Carbon acquisition of bloom-forming marine phytoplankton

Carbon acquisition in relation to CO2 supply was investigated in three marine bloom-forming microalgae, the diatom Skeletonema costatum, the flagellate Phaeocystis globosa, and the coccolithophorid Emiliania huxleyi. In vivo activities of extracellular (eCA) and intracellular (iCA) carbonic anhydrase activity, photosynthetic O-2 evolution, CO2 and HCO3- uptake rates were measured by membrane inlet mass spectrometry in cells acclimated to pCO(2) levels of 36, 180; 360, and 1,800 ppmv. Large differences were obtained between species both with regard to the efficiency and regulation of carbon acquisition. While eCA activity increased with decreasing CO2 concentration in S. costatum and P. globosa, consistently low values were obtained for E. huxleyi. No clear trends with pCO(2) were observed in iCA activity for any of the species tested.

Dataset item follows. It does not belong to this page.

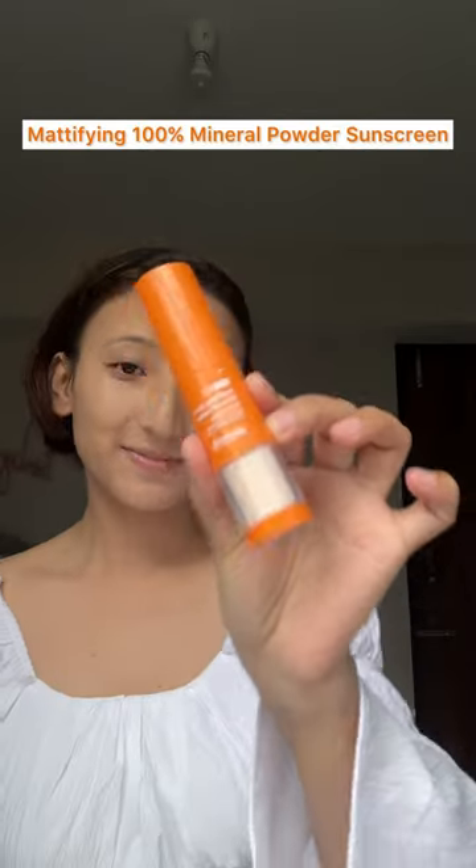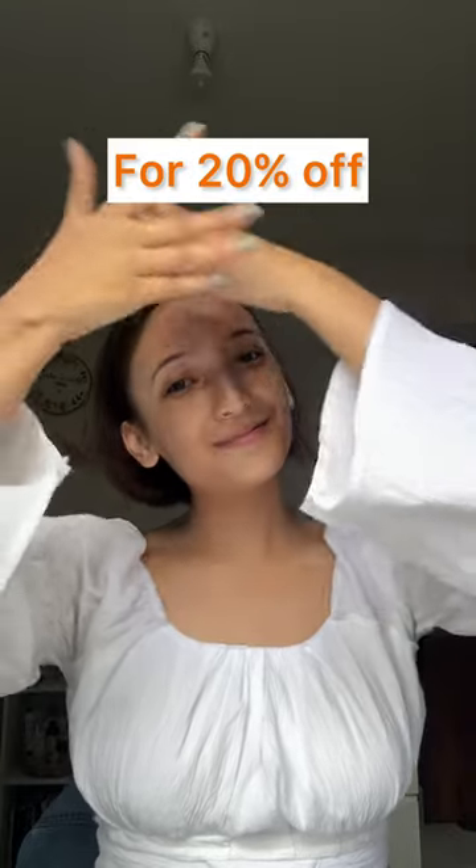Third, I have this Dermaco Mattifying 100% Mineral Powder Sunscreen. It gives a neutral tint that matches all Indian skin tones. It has a soft brush that makes application super easy while being gentle on the skin. One bottle gives you 2500 plus strokes. Use my coupon code LEP20 for 20% off — links in the description.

Half saturation concentrations (K-1/2) for photosynthetic O-2 evolution, which were highest for E. huxleyi and lowest for S. costatum, generally decreased with decreasing CO2 concentration. In contrast, K-1/2 values for P. globosa remained unaffected by pCO(2) of the incubation. CO2 and HCO3- were taken up simultaneously by all species. The relative contribution of HCO3- to total carbon uptake generally increased with decreasing CO2, yet strongly differed between species. Whereas K 2 for CO2 and HCO3- uptake was lowest at the lowest pCO(2) for S. costatum and E. huxleyi, it did not change as a function of pCO(2) in P. globosa. The observed taxon-specific differences in CO2 sensitivity, if representative for the natural environment, suggest that changes in CO2 availability may influence phytoplankton species succession and distribution. By modifying the relative contribution of different functional groups, e.g., diatomaceous versus calcareous phytoplankton, to the overall primary production this could potentially affect marine biogeochemical cycling and air-sea gas exchange.